Indeed, in a Human Rights Watch's report entitled "The Political Games Ruin Our Lives," we learn that since the beginning of 2016 the Indonesian government leading an unprecedented attack on the rights and safety of sexual and gender minorities either through of hate speech, through discriminatory laws or using violence to prevent peaceful gatherings of the Indonesian LGBT community.
In fact, what is happening at present in Indonesia reminds me of what happened in Russia, that is to say that everything begins with the Government's words in the media and all of a sudden releases a hatred towards the LGBT community, which now faces harassment, discrimination and more violence.

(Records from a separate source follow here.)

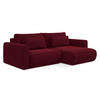 ECKSOFA mit Schlaffunktion Samt Stoff Rot - Bordeaux/Rot, Kunststoff/Textil (240/149cm) - Makamii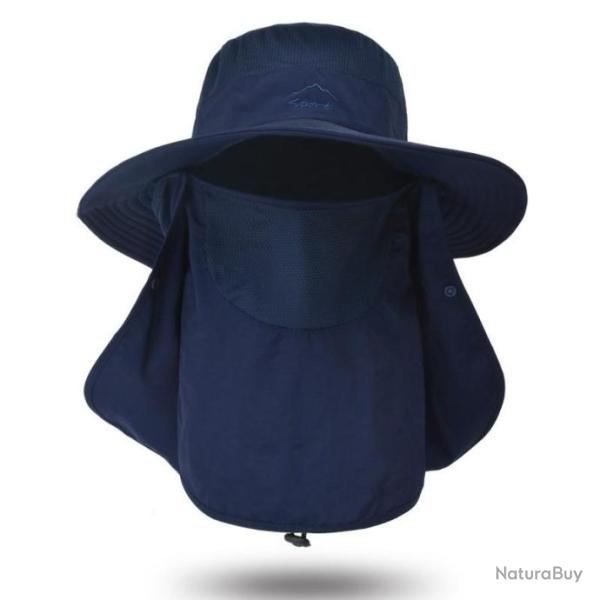 Chapeau de protection solaire 3 en 1 t�te nuque visage modulable - Bleu Marine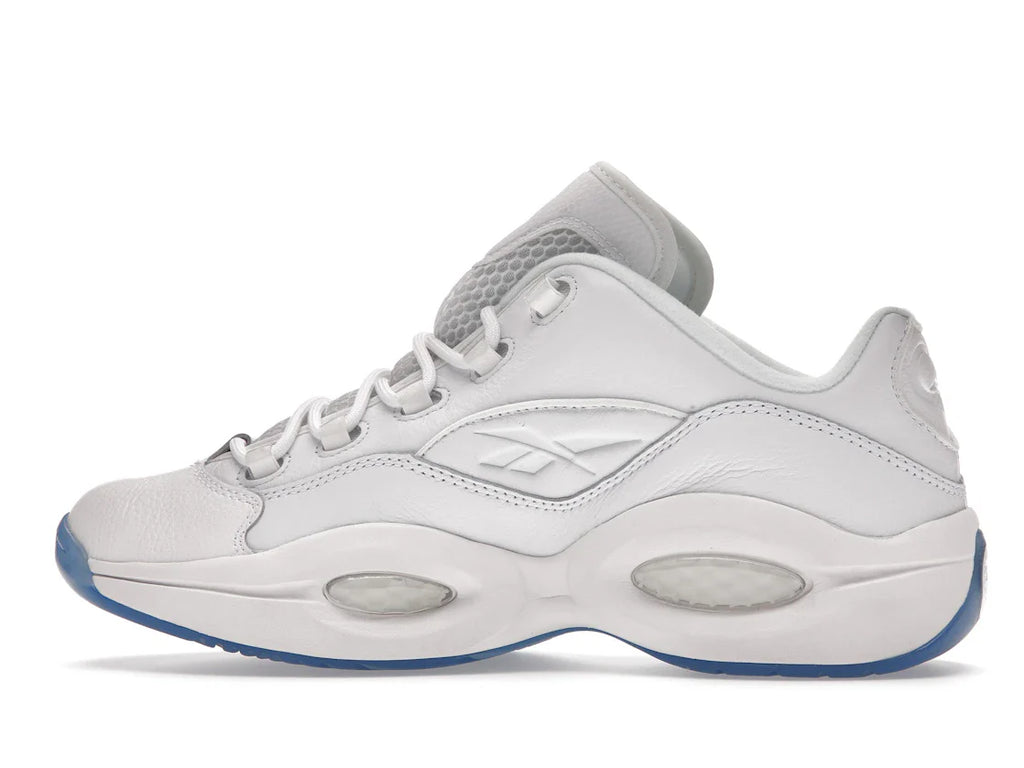 Reebok Question Low Weiß Klare blaue Sohle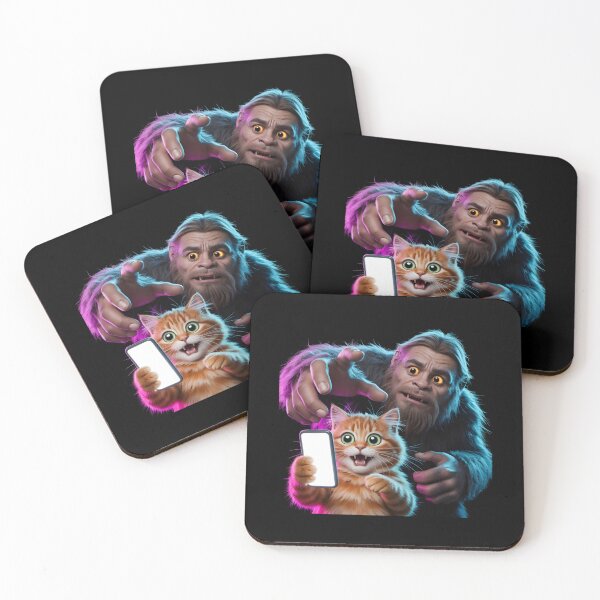 Item preview, Surprised Scared Cat Selfie Funny Cat Taking Selfie in Sasquatch Territory designed and sold by Redgiant87x.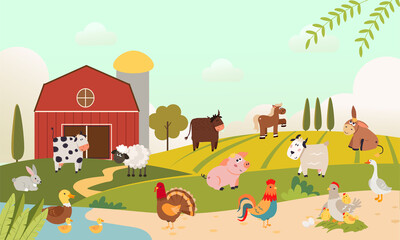 Farm animals with country landscape - rabbit, cow, sheep, bool, pig,  horse, donkey, goat, rooster, chicken,  hen, goose, duck. Cute cartoon vector illustration in flat style. Domestic animals set.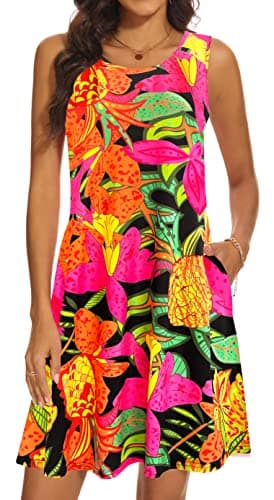 Summer Dresses for Women 2025 Casual Sundresses Beach Cover Ups Sleeveless Tshirt Swing Dress with Pockets Medium Pineapple - Image 1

They become a bit the cause of all the evils that can happen in the country.
In Indonesia too, the anti-LGBT propaganda is supported by the media, namely the National Broadcasting Commission and the National Child Protection Commission that absolutely eliminate any positive mention of the LGBT community, or any hint of "normality" of an LGBT person.
"The discriminatory actions of Indonesian officials and institutions has laid bare the depth and breadth of the government’s prejudice – and the campaign of hate is apparently not over yet," said Kyle Knight, LGBT rights researcher at Human Rights Watch and author of the report. "The anti-LGBT rhetoric also exposed the government’s unwillingness to stand between a marginalized minority and its attackers – a most basic failure to protect, similar to Indonesia’s recent record on religious minorities."
These discriminatory and hate speech of the government began January 24, 2016 following the remarks of the Higher Education Minister Muhammad Nasir, who announced that he wanted to ban all LGBT student organizations on college campuses as "not in accordance with the values and morals of Indonesia".
There was also the Defense Minister Ryamizard Ryacudu who described the fight for LGBT rights as a proxy war on the nation led by outsiders, more dangerous than a nuclear bomb.
To this are obviously added religious groups which call for the judicial condemnation of LGBT behavior and of any LGBT rights activist and call for the installation of "gay cures".
Following that, hate speeches have continued to spread across the government, religious groups and the media, and therefore through the population.
Also, be aware that on August 23 will be a hearing in the Constitutional Court about the possible criminalization of homosexual relationships in the Indonesian Criminal Code.
In short a situation that escalates in Indonesia and that worries us a lot.
The national commission for human rights in Indonesia said that the remarks of the ministers disagreed with Nawa Cita principles established by the government of President Joko Widodo which calls for tolerance, education for diversity and dialogue between citizens, but it's still far from reassuring.
The report calls on the Indonesian government to protect all its citizens, including LGBT people against violence and discrimination.
"At a time when LGBT Indonesians needed protection and public support, Jokowi’s government has cowered in the face of militant Islamists," Knight said. "The government needs to demonstrate its commitment to protecting citizens from violence and discrimination by rolling back discriminatory decrees, rejecting anti-LGBT legislation proposals, and pledging public support for free expression and diversity."